In 1938, André Breton visited Mexico invited by the National University, and because of his friendship with Diego Rivera, he stayed for four months at The Blue House. During this time, Breton developed a great interest in the art of Kalho, in which the theoretician saw many connections with the surrealist universe he was the pope of. This interest propelled the first exhibitions of the artist, with a large exhibition hosted at Julian Levy’s gallery in New York that kicked off her international projection. Nevertheless, Kahlo saw Surrealism as a manifestation of bourgeois art with foreign roots and rejected her connection with the movement repeatedly: “I did not know surrealism until André Breton told me about it (…) I have never painted my dreams, I paint my reality.”

In fact, as the writer Carlos Fuentes notes at the introduction of the printed edition of Frida’s diary, “what the French surrealists codified has always been a reality in Mexico and Latin America, part of the cultural current, a spontaneous fusion between myth and reality, sleep and vigil, reason and fantasy”. Proof of this is the work of Gabriel García Márquez and what has been identified as “magical realism”. In any case, the coexistence of the artist with the theorist and his wife, with whom she established a great friendship, is evident in works such as “El sueño” (The dream), or the exquisite corpse she created with Lucienne Block.

 

A visionary figure

It is quite remarkable how a figure like Kahlo’s, so brief and punished, so unattractive and traditional in appearance, can have such relevance today, 64 years after her death, but the truth is that, as the title from the Mexican exhibition preaches: appearances can be deceiving. Indeed, her superficial image was hiding a character with a great personality, culture, intelligence, sensitivity, strength and feminist vision.

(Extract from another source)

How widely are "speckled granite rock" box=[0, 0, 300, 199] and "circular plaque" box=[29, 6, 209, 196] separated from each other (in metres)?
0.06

As the Mexican fashion designer Carla Fernández recalled in the conference, Kahlo’s indigenous wardrobe not only hid her unfortunate legs but also highlighted the power of the matriarchy that created it, and the need to maintain modernity without conditioning tradition. This need is what governs the brand of Fernandez, who works with artisans from Mexico to preserve their techniques and update them to avoid their eventual disappearance.

In short, Kahlo was an example of struggle, a person who applied her revolutionary ideas in her day to day and fought against her body, against patriarchy and against social and artistic conventions. Her wardrobe and her way of life, interwoven with her art, make up a three-dimensional image of her universe, terrible and fantastic at the same time, or as André Breton described it in the essay of her first exhibition in New York: a bomb with a pink ribbon around it.